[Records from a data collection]
>>
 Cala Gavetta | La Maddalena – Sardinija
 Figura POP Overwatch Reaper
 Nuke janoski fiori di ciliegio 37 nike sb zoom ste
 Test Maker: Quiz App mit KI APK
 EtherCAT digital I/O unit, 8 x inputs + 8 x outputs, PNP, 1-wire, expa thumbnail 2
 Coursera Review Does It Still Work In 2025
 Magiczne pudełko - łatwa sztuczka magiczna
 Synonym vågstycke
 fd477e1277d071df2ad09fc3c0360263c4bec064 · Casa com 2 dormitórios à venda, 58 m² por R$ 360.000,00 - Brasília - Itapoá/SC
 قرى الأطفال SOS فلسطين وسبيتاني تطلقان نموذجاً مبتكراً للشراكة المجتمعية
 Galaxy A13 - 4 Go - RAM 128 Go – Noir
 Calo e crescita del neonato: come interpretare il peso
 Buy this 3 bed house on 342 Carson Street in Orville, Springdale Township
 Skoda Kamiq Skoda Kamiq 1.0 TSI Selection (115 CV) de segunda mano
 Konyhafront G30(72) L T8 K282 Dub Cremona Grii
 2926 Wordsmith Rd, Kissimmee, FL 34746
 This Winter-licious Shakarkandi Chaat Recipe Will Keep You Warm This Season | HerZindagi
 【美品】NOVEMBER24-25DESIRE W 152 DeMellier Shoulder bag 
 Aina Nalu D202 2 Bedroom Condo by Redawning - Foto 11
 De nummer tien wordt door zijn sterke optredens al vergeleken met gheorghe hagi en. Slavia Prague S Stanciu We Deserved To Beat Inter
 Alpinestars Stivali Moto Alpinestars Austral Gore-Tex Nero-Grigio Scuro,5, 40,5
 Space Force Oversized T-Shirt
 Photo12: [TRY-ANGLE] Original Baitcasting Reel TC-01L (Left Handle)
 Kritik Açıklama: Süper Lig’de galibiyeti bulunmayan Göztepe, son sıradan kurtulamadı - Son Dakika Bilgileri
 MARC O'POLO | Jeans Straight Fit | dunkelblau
<<
Problem statement: Above are the records. Copy the lines beginning at the one that has "Nuke janoski fiori" and ending with the one that has "Synonym vågstycke", unchanged.

Result of the exercise:
 Nuke janoski fiori di ciliegio 37 nike sb zoom ste
 Test Maker: Quiz App mit KI APK
 EtherCAT digital I/O unit, 8 x inputs + 8 x outputs, PNP, 1-wire, expa thumbnail 2
 Coursera Review Does It Still Work In 2025
 Magiczne pudełko - łatwa sztuczka magiczna
 Synonym vågstycke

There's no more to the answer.